You might wonder if spammers would bother to attempt to be added to your contacts list, as few people would fall for such a transparent scam, especially more than once. But remember, few ever buy stuff from spammers–but since spammers automate their spew and can send millions out per day, they don’t care if only one person out of a thousand is stupid enough to fall for it–that’s all they need, and they are likely to get it. Witness Nigerian bank account scammers, where you get emails from someone wishing to use your bank account to transfer X million dollars, and you get to keep 10~30%. This has become so famous it’s literally a joke–but they keep sending them, in large numbers, especially to email addresses found on web sites. Someone must still be falling for it. Hard to believe that someone so stupid could survive even daily life, but there you are.

I am trying to think of a non-Internet analogy to describe spammers, but am coming up blank. Where else in the history of the world has there been a small group of people who invade, defile, and nearly incapacitate large public forums, and yet get away with it so regularly that everyone simply accepts them as a force of nature or something? I mean, advertising in general is kind of like that, but not to nearly the degree that spammers have become a destructive force on the Internet.

Categories: Computers and the Internet Tags: by
  1. Paul
    April 28th, 2008 at 03:38 | #1

    What spam really demonstrates to me is that the corporate overlords that run so much of America (not to mention much of the rest of the world) still don’t GET IT.

    There are technological and legal solutions to the problem- but we don’t implement them. Why? Because the big money interests haven’t noticed how much they’re spending on fending off spam.

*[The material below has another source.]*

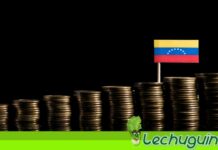Maduro: Mientras Europa y EEUU advierten recesión, Venezuela sigue en crecimiento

    If they really realized how much overhead spam adds to their IT costs, the costs of the net and so forth, they’d demand that something be done about it.

    And just like you mention, the key is cost. If the costs and potential risks to the spammers goes up- even just a bit- it quickly becomes uneconomical for them to do it.

    Throw a few in prison for 15 to 20 and the others would quickly rethink whether or not it’s worth it. Likewise if you make it too expensive to defeat any anti-spam laws and technological solutions- the business model is completely reliant on incredibly low investment for occasional returns.

  2. Pensive Koala
    April 30th, 2008 at 12:40 | #2

    You could Godwin’s Law…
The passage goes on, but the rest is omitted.